The South African TRC (SA TRC) continues to possess an enduring appeal for Colombo-based, as opposed to North and East based, civil society NGOs. Very few, if any, conversations on reconciliation and transitional justice within Colombo civil society networks conclude without references to the SA TRC as the paradigmatic case of the ideal transitional justice model. The Sri Lankan government has also sought to draw parallels between its own attitude to post-conflict justice, reflected in the Lessons Learnt and Reconciliation Commission, and the SA TRC.


Vastly different political and social contexts
As a preliminary observation, however, it is useful to note that contemporary Sri Lanka and post-apartheid South Africa are vastly different political and social contexts. The SA TRC model and amnesties were worked out after a formal transfer of power from the regime responsible for the vast majority of crimes under apartheid to the leaders of the liberation struggle. Moreover, the dominant religious belief system in South Africa—where Christian rituals of repentance and forgiveness have significant theological resonance—is fundamentally different to the religious beliefs of the majority of Tamil, Sinhala and Muslim victims.

The SA TRC is widely known as providing amnesty from prosecution to perpetrators who came before the SA TRC and made full disclosure of all the relevant facts relating to their crimes. As such, it is perceived in Sri Lanka—wrongly—as the triumph of a spirit of reconciliation and restorative justice and a rejection of criminal accountability. Thus, the way in which the SA TRC experience has been understood in Sri Lanka is deeply flawed. In supporting my claim, I highlight the absence in Sri Lanka of three specific conditions for the functioning of the SA TRC, that would inevitably render any attempt to transplant that process in contemporary Sri Lanka harmful in the extreme.

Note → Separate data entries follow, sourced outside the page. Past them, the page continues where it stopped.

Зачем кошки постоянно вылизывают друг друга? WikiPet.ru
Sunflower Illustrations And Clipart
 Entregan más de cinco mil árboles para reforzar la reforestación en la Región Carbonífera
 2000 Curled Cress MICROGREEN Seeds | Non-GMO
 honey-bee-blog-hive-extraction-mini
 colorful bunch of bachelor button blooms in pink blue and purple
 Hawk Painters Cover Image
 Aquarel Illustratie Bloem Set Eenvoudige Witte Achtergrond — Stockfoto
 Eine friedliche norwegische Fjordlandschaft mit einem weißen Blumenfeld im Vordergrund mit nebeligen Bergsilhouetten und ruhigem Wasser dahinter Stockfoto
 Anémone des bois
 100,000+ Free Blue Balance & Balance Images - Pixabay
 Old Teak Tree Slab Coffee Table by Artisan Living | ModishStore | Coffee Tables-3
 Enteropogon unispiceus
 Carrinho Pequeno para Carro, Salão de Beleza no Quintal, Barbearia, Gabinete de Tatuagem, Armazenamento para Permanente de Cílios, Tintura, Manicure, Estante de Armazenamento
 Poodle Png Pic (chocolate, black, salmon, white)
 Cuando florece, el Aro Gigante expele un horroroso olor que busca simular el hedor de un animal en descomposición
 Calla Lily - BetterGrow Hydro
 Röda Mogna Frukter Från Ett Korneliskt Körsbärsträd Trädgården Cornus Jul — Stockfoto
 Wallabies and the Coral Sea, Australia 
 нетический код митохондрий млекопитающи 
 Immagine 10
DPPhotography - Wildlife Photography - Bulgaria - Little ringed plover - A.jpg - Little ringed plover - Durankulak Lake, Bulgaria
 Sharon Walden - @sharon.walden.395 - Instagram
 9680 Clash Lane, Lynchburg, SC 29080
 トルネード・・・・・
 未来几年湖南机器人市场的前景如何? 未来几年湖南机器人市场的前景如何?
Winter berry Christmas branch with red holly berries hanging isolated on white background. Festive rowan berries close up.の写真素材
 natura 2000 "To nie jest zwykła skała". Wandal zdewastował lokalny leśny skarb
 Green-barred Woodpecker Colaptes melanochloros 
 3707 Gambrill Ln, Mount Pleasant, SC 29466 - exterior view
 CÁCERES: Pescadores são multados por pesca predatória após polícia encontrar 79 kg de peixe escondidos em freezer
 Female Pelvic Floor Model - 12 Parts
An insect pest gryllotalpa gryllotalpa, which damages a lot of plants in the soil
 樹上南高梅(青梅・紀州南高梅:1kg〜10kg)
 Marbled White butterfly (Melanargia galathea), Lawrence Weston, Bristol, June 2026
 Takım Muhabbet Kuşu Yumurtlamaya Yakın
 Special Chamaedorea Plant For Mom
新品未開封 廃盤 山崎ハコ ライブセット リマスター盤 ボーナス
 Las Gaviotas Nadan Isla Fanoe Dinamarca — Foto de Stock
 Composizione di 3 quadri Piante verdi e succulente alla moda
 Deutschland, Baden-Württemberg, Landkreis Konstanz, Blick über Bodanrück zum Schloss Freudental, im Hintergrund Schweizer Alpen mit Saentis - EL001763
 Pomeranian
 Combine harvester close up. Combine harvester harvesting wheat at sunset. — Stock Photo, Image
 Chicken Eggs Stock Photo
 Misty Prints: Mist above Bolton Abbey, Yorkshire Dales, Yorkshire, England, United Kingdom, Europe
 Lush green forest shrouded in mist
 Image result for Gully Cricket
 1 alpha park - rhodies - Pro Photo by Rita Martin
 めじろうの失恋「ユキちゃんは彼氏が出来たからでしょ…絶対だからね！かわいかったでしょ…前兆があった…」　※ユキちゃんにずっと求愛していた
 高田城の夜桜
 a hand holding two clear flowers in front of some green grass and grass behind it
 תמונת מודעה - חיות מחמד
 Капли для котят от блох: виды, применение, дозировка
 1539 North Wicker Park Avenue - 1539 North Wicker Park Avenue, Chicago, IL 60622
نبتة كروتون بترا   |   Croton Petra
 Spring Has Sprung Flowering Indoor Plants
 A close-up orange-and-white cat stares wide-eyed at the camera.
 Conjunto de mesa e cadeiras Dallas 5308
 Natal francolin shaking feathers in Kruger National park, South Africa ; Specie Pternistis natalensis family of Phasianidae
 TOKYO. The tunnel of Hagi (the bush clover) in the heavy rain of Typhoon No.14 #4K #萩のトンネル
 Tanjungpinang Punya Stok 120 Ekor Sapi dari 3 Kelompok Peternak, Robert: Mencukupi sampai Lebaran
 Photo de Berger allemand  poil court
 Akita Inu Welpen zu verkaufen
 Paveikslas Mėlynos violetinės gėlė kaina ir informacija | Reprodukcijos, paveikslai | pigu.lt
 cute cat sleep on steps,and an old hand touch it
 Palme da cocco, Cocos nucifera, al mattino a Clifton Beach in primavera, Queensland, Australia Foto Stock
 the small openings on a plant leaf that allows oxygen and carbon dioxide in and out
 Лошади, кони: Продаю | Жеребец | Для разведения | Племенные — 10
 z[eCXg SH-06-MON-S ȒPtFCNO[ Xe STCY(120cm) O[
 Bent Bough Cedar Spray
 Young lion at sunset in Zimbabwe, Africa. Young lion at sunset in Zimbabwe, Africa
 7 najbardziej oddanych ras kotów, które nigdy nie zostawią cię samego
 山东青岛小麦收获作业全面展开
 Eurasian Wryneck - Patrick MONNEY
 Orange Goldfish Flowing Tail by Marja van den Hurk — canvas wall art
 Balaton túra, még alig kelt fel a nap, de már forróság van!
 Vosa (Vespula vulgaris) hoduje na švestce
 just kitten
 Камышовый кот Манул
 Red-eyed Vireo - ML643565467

First, contrary to the way in which the SA TRC has been understood in Sri Lanka, the model as envisaged by its framers was not designed to exclude prosecutions. Instead, the conduct of prosecutions in respect of perpetrators who did not apply or did not qualify for amnesty was central to the working of the SA TRCs design. Institutionally, the success of the SA TRC depended on perpetrators confessing to their crimes. The threat of prosecution was precisely the tool necessary to push perpetrators to make full disclosure.

In fact, empirical studies on SA TRC data demonstrate that applications for amnesty were low among state security groups whose members were not subject to investigation and prosecution. Conversely, groups that had members prosecuted or were under investigation—such as the ‘elite’ police task forces—had greater numbers of amnesty applicants. Thus, the threat and conduct of prosecutions enhanced the prospects of truth seeking, because information such as the location and nature of death of victims, which only perpetrators had access to, was made available to the SA TRC in applications by perpetrators for amnesty. This emphasizes the complementary nature of truth and justice and is an important reminder that the Sri Lankan government’s attempted dichotomization of ‘punitive justice’ and ‘restorative justice’ is flawed in practice.

The SA TRC Report itself acknowledged that the appeal to the self-interest of prospective applications was well conceived. Moreover, the SA TRC’s final report recommended “a bold prosecution policy” in respect of those who did not apply or did not qualify for amnesty, “in order to avoid any suggestion of impunity or of contravening its obligations in terms of international law.” In fact, the South African government’s failure to follow up on the recommendations of its own commission by instituting a meaningful policy of prosecutions has been sharply criticized by many South Africans, including Bishop Tutu and other members of the commission.

In Sri Lanka, the government itself has explicitly stated that it has no interest in pursuing what it deems ‘punitive’ justice and has ruled out a policy of prosecution in respect of crimes committed during and after the war. Thus, any attempt to institute a SA TRC style process would be flawed for the reason that there would be no incentive for perpetrators to make full disclosure. To be clear, conditional amnesty for full disclosure is not a sine qua non for every truth commission. Commissions in Argentina, Chile, Peru, Sierra Leone and Bahrain among many others focused on eliciting the truth through witness testimony and investigation, including through the use of forensic science. However, if the government opts to take the investigative route, it will have to demonstrate a change of heart and a willingness to investigate alleged crimes by its own leaders. Another sham commission in a long line of cover-ups will only serve to highlight impunity in Sri Lanka.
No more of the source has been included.